Yargıtay, yıllar içinde verdiği birçok kararda mobbingin hangi şartlarda kabul edileceğini belirlemiştir. Örneğin; tek seferlik olumsuz davranışların mobbing olarak değerlendirilemeyeceği, eylemlerin süreklilik ve sistematiklik göstermesi gerektiği kararlar arasındadır. Mobbing olarak değerlendirilebilecek durumlara örnek olarak ise mağdurun küçük düşürülmesi, dışlanması, görev ve yetkilerinin haksız şekilde azaltılması gibi davranışlar sayılabilir.

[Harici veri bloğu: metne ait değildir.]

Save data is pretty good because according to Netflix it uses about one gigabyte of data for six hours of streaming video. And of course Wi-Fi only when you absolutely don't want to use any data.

İş Kanunu ve Borçlar Kanunu’nda Dayanak

Mobbing, doğrudan 4857 sayılı İş Kanunu’nda düzenlenmemiş olsa da, 24. madde uyarınca işçinin kişilik haklarının ihlal edilmesi durumunda iş sözleşmesini haklı nedenle feshetme hakkı bulunmaktadır.

Ayrıca 6098 sayılı Türk Borçlar Kanunu’nun 417. maddesi, işverenin işçiyi gözetme borcuna açıkça yer verir. Bu maddeye göre işveren, işçinin kişiliğini korumak, saygılı bir çalışma ortamı sağlamak ve psikolojik tacizden kaçınmakla yükümlüdür. İşveren bu yükümlülüğünü ihlal ettiğinde, işçi mobbing kapsamında manevi tazminat talebinde bulunabilir.

Delil Olarak E-posta ve Mesajlar

Mobbing iddialarında delil toplamak, davanın seyrini etkileyen en önemli husustur. Özellikle e-postalar, WhatsApp yazışmaları, SMS’ler ve diğer dijital mesajlar, işyerinde yaşanan baskının sistematikliğini gösterebilir.

Birçok mobbing davası delili, bu tür yazışmalardan elde edilir. Örneğin, işverenin küçümseyici veya aşağılayıcı bir dil kullandığı e-postalar, çalışanın sürekli haksız eleştirilere maruz kaldığını kanıtlayabilir. Ancak bu delillerin mahkemede geçerli olabilmesi için, hukuka uygun şekilde elde edilmiş olmaları gerekir.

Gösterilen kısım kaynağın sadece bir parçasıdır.